OpenSlide preprocessing for SVS/TIFF/NDPI slides with HSV-Otsu tissue segmentation and 256x256 patch tessellation
Coordinate-only patch registry that avoids saving massive patch folders while preserving MPP, coordinates, and spatial variance
GPU feature extraction with Macenko color normalization and frozen HistoEncoder or Virchow2 pathology backbones
CustomGatingLayer v2 that combines low spatial variance with robust Median/MAD token-norm outlier detection
ABMIL and TransMIL slide-level classifiers with focal loss, patch dropout, cosine LR, gradient accumulation, and QWK-based model selection
Best documented run: HistoEncoder + 4-layer TransMIL + gating v2 reaching 0.9151 validation QWK at epoch 41
Cribriform morphology path that clusters high-attention embeddings when predicted ISUP grade suggests Gleason Pattern 4 risk
Explainability path for attention heatmaps, WSI overlays, class probabilities, cribriform fields, and clinical-report JSON
Experiment artifacts for training curves, QWK curves, gating analysis, confusion matrices, configs, and logs
Test suite covering preprocessing, patch extraction, feature extraction, training, cribriform detection, and explainability

Architecture Map

Mermaid
flowchart TB
  WSI["Raw prostate WSI: SVS/TIFF/NDPI"] --> Reader["OpenSlide WSI reader"]
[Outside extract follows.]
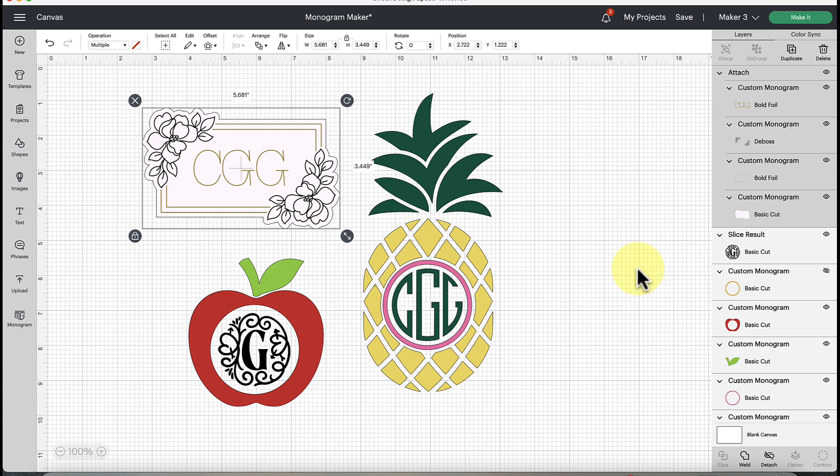What questions do you have about the monogram maker? Let me know - I would love to help you. I can't wait to see what you're going to make with this. I think it's a great addition to Cricut Design Space.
  Reader --> Tissue["HSV-Otsu tissue segmentation"]
  Tissue --> Registry["Patch registry: coords, MPP, spatial variance"]
  Registry --> FeatureDataset["On-the-fly patch dataset"]
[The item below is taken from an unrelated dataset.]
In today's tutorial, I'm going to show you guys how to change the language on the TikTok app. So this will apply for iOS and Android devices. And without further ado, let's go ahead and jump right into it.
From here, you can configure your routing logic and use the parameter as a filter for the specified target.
  FeatureDataset --> Macenko["GPU Macenko color normalization"]
  Macenko --> Backbone["Frozen pathology foundation model"]
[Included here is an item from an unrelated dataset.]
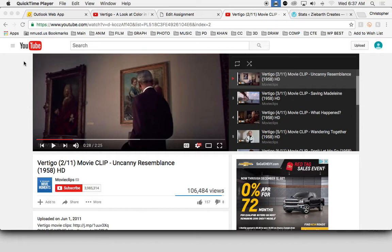Hi, real quick video on how to insert a YouTube video into a WordPress post. I've got my clip here from Vertigo that I want to write about on WordPress.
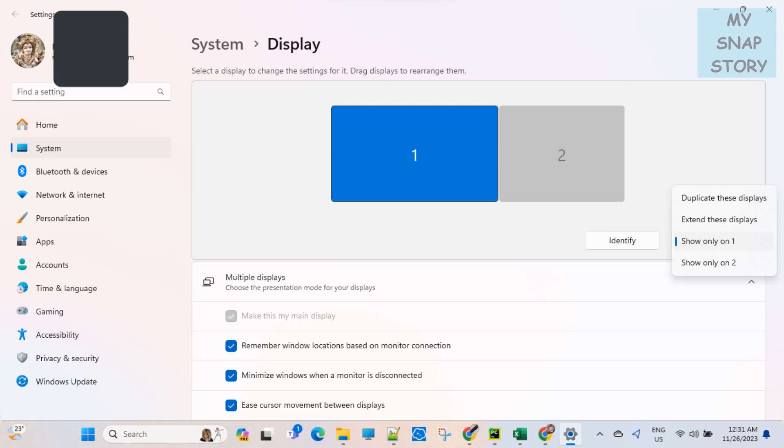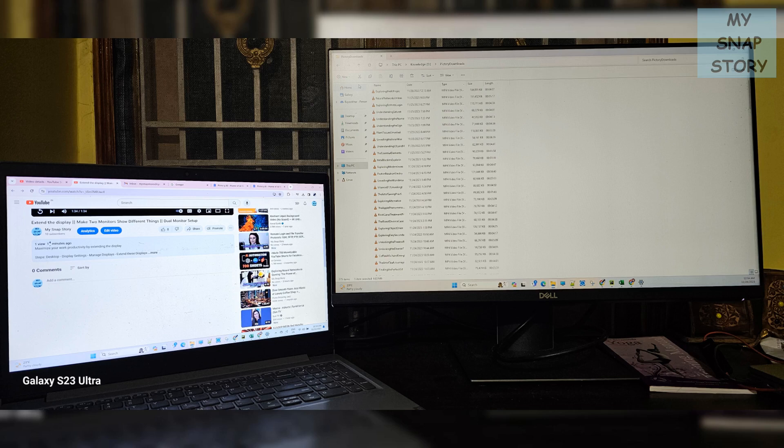And finally if you select the option extend these displays, you can drag and drop the apps into display 1 or display 2 as per your choice. You can see the result here where my primary laptop display shows YouTube app and on secondary display device, I have opened a file folder.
  Backbone --> Histo["HistoEncoder 384d"]
  Backbone --> Virchow["Virchow2 1280d"]
  Histo --> Embeddings["Slide embeddings .pt"]
  Virchow --> Embeddings
  Embeddings --> Gate["CustomGatingLayer v2: variance + Median/MAD"]
  Gate --> MIL["MIL aggregator: ABMIL or TransMIL"]
  MIL --> Classifier["ISUP classifier head"]
  Classifier --> Metrics["QWK, accuracy, confusion matrices"]
  MIL --> Attention["Attention weights"]
  Attention --> Cribriform["Cribriform clustering on high-attention patches"]
  Attention --> Heatmap["Attention heatmap + WSI overlay"]
  Cribriform --> Report["Clinical JSON report"]
  Heatmap --> Report

PathOS Screenshots

5 views
Champion HistoEncoder + 4-layer TransMIL run: validation QWK reaches 0.9151 at epoch 41.
Focal-loss curves for the best gated TransMIL experiment, used to identify the model selection point and later overfitting.
Custom gating analysis: spatial variance vs token norm separates valid tissue tokens from rejected artifact-like patches.
Median/MAD gating evidence showing token norm thresholds used to suppress outlier patches before attention pooling.
TransMIL confusion matrix from the external evaluation framework, included as research evidence rather than a diagnostic claim.